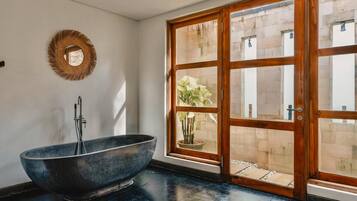 Panoramic Villa, 6 Bedrooms, Park View | Bathroom | Bathtub, free toiletries, hair dryer, bathrobes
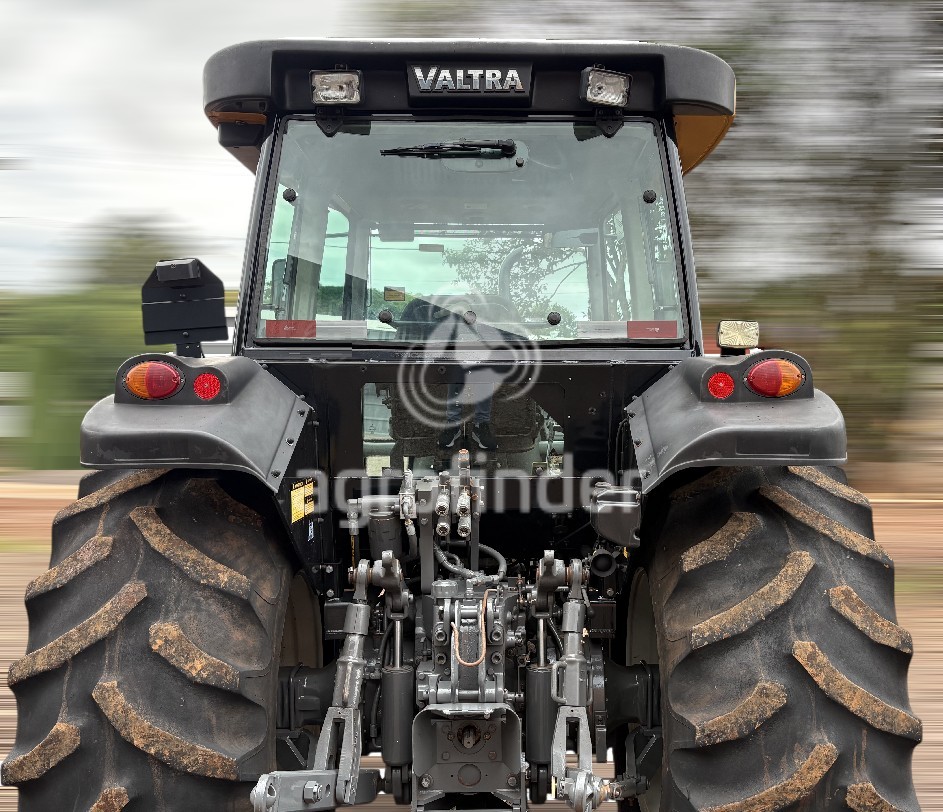 Trator Valtra BM125I Ano 2015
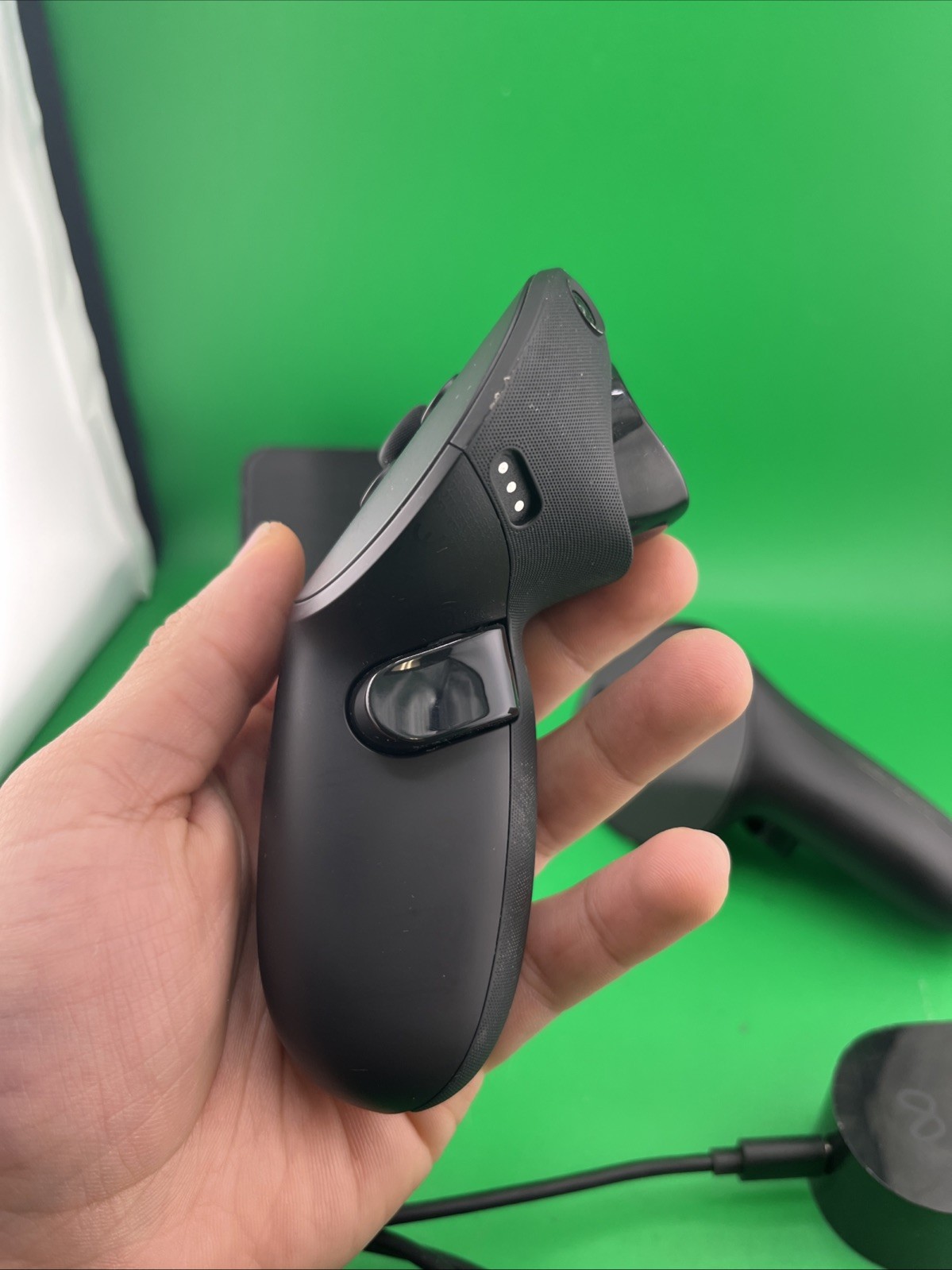 Meta Quest Pro VR Controllers LW9VM4 With Charger (T01)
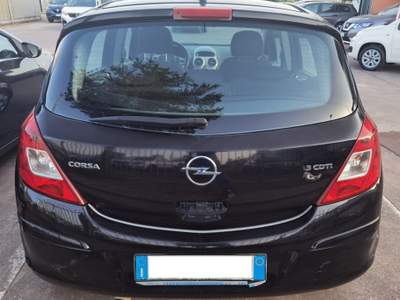Opel Corsa 5 porte Club Nero usata Galatina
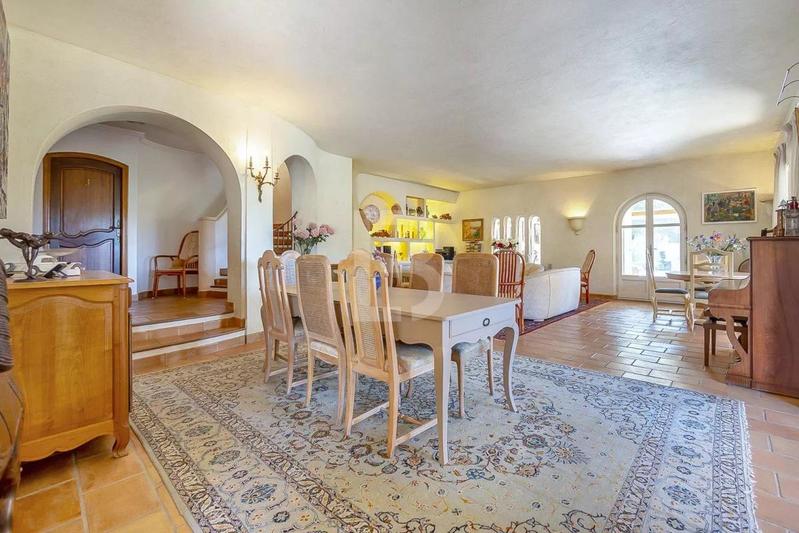 Maison - 283 m² - 6 pièces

****************

» **YOUR TASK**: Output nothing but the lines from the line with "Trator Valtra BM125I Ano 2015" through the last line of the material above, please, word for word and without the pictures.

» **SOLUTION TO THIS PROBLEM**:
 Trator Valtra BM125I Ano 2015
 Meta Quest Pro VR Controllers LW9VM4 With Charger (T01)
Opel Corsa 5 porte Club Nero usata Galatina
 Maison - 283 m² - 6 pièces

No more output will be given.